## Data excerpt:

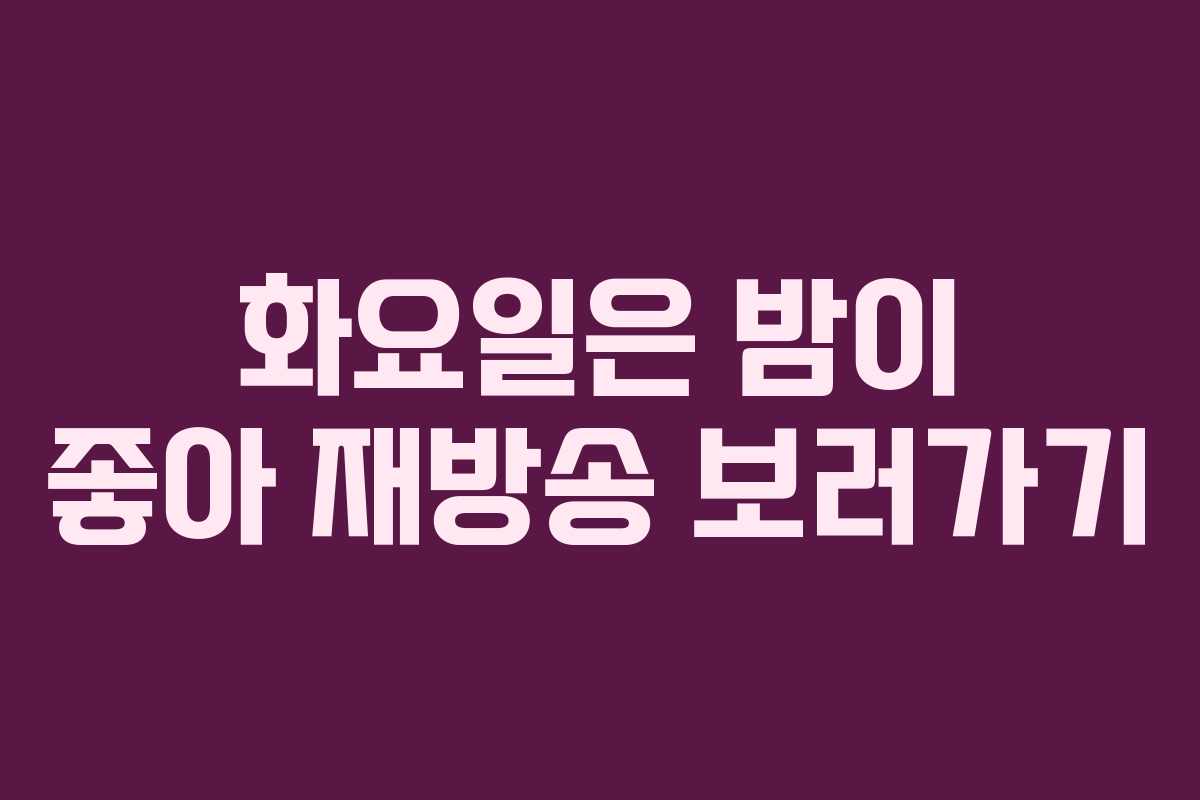 화요일은 밤이 좋아 재방송 보러가기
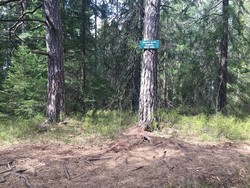 Høgåsen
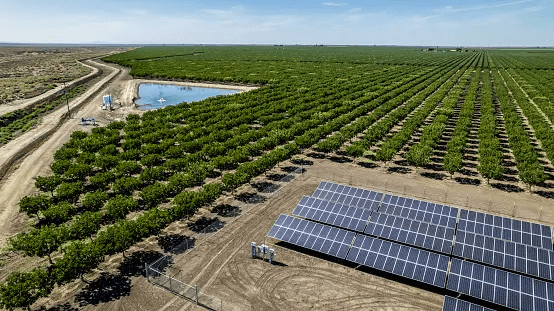 Critical Analysis- Solar Energy Cons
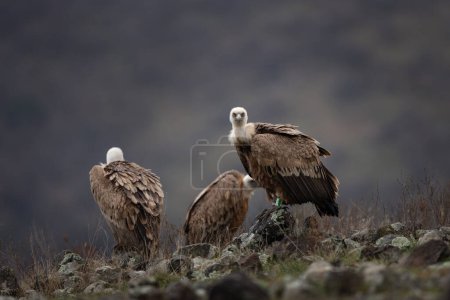 Photo for Griffon vultures are sitting in the Rhodope mountains. Gyps fulvus are looking for food. Massive brown bird with white head who eats carcass. European nature. - Royalty Free Image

## Work instructions:
What is needed is the listing above, repeated verbatim, without its images.

## Result of this task:
 화요일은 밤이 좋아 재방송 보러가기
 Høgåsen
 Critical Analysis- Solar Energy Cons
 Photo for Griffon vultures are sitting in the Rhodope mountains. Gyps fulvus are looking for food. Massive brown bird with white head who eats carcass. European nature. - Royalty Free Image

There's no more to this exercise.